Гордость ГРЭС — ее постоянные кадры. Верхолазы, монтажники, сварщики, слесари работают, не щадя сил, не страшась ни летней жары и комаров, ни зимних морозов. Все грэсовцы хорошо понимают, какое значение имеет новостройка в Сургуте, как важно погасить факелы, на которых зря сгорает народное богатство. Их богатство.
Еще одно выступление перед сургутскими читателями — и мы вылетаем обратно в Тюмень.
Близ Сургута Обь разделяется на главную и Юганскую, по которой мы прошли сюда из Ханты-Мансийска. Ширина разливов во время весенне-летнего половодья достигает в этих местах тоже нескольких десятков километров. К нашему приезду в Сургут большая вода уже сошла, но вид с самолета был фантастический, когда ослепительно блестевший на солнце разлив вздыбился, встал, как огромное зеркало, заслоняя небо, и, казалось, скатывались с него, скользя, острова, покрытые зеленой тайгой. Но… самолет качнул крыльями, повернулся, набирая высоту, и водное зеркало опрокинулось, разбилось на тысячи сверкающих, голубых кусков. Под нами поплыла земля, разорванная зигзагами проток, испятнанная бурой желтизной болот, покрытая бесчисленным множеством озер, словно твердь еще не отделилась от воды, как при сотворении мира.
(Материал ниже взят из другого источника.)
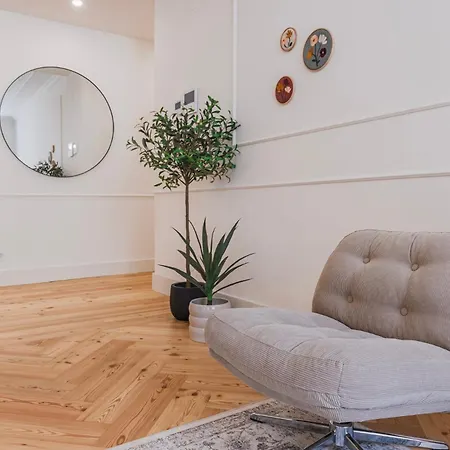 아파트 Luxury Flat In Downtown Douradores Ii 리스본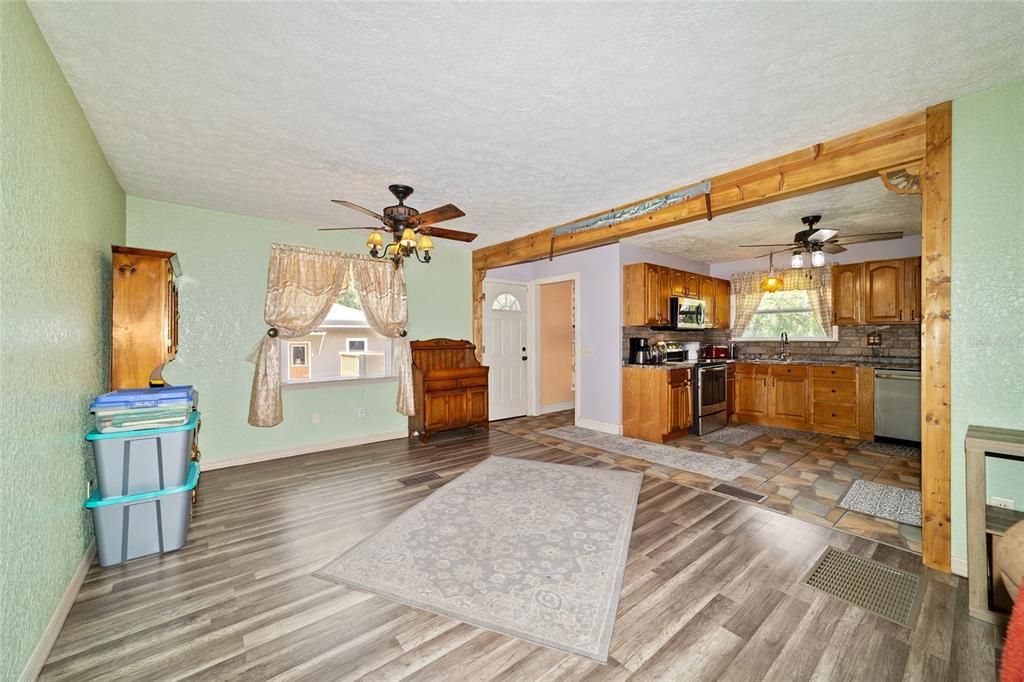 For Sale: $349,900 (3 beds, 2 baths, 1500 Square Feet)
А через пойму Оби в этом месте возле Сургута сооружается труднейший участок железной дороги на Тобольск.
На что опирается тут стальное полотно, на чем держится среди водных хлябей и зыбких трясин? На сваях, или намывном, как у плотин, грунте, или на неслыханной твердости человеческих характеров?
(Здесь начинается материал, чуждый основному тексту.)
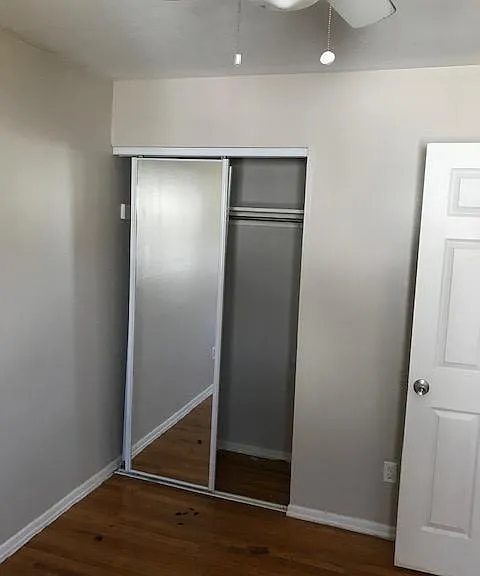 55 E York St — Photo 6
Сегодня в Тюмени заключительный вечер декады. А завтра — Москва. Прошло только десять дней с тех пор, как мы вылетели со Внуковского аэродрома. Но сколько впечатлений, драгоценных для писателей, пробуждающих желание снова проехать по Иртышу и Оби, побывать в тайге у разведчиков, лесорубов, нефтяников! Какое чувство гордости за наших людей, за нашу великую необъятную землю и какие новые заботы и тревоги, без которых нельзя жить!